So in Iraq it appears that the give and take between groups over the Constitution is now being conducted with guns.
If you actually take a look at the political forces at work in Iraq it is not encouraging:
This is a country whose secular minority largely overlaps with the ethnically distinct and geographically concentrated Kurds. Kurdish political leaders feel that it's worth making a great deal of compromises about how Iraq should be governed in exchange for the right to govern themselves as they see fit. Consequently, outside of Kurdistan, public opinion seems to be strongly Islamist. Indeed, the single most important political leader in the country is the country's chief Shiite cleric. There are various good things you can say about the Grand Ayatollah, but as you'll see here he clearly has retrograde views on a variety of key social issues. The political party of the prime minister (al-Dawa) is a socially conservative Islamist party.
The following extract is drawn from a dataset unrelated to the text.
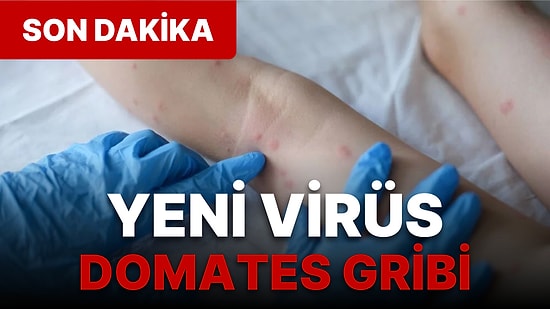 Yeni Salgın Alarmı Verildi! Domates Gribi Nedir, Nasıl Bulaşır? Domates Gribi Belirtileri Nelerdir?
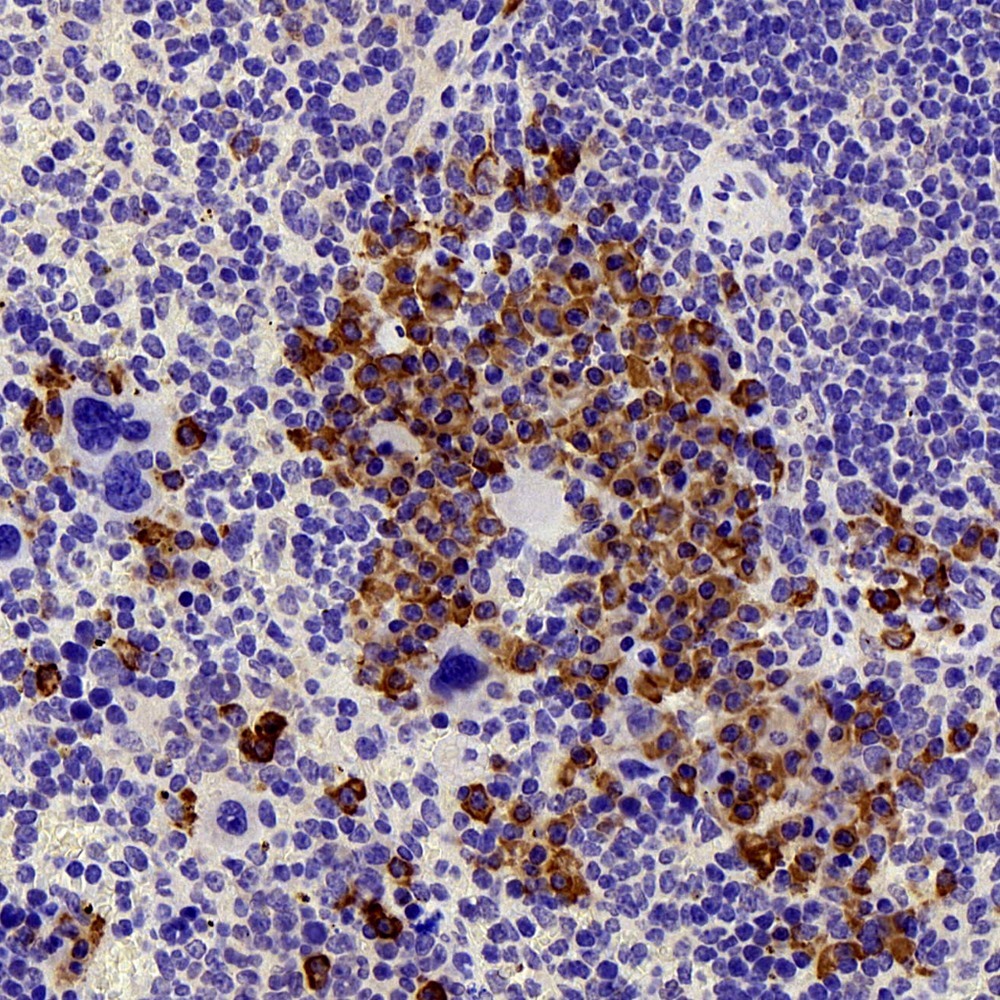 Immunohistochemistry analysis of paraffin-embedded mouse Immunized spleen  using FAS Polyclonal Antibody at dilution of 1:300.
Its main coalition partner, SCIRI, is a more socially conservative, more Islamist party. The most powerful opposition movements in the country are a super-violent Islamism-inflected Sunni insurgency and the frankly anti-democratic, Khomeinist movement of Muqtada al-Sadr.
Keep in mind that these are the guys who are working on the Constitution, These are not the insurgents. These are the guys that our guys are protecting. That our guys are fighting and bleeding for. Oh Boy.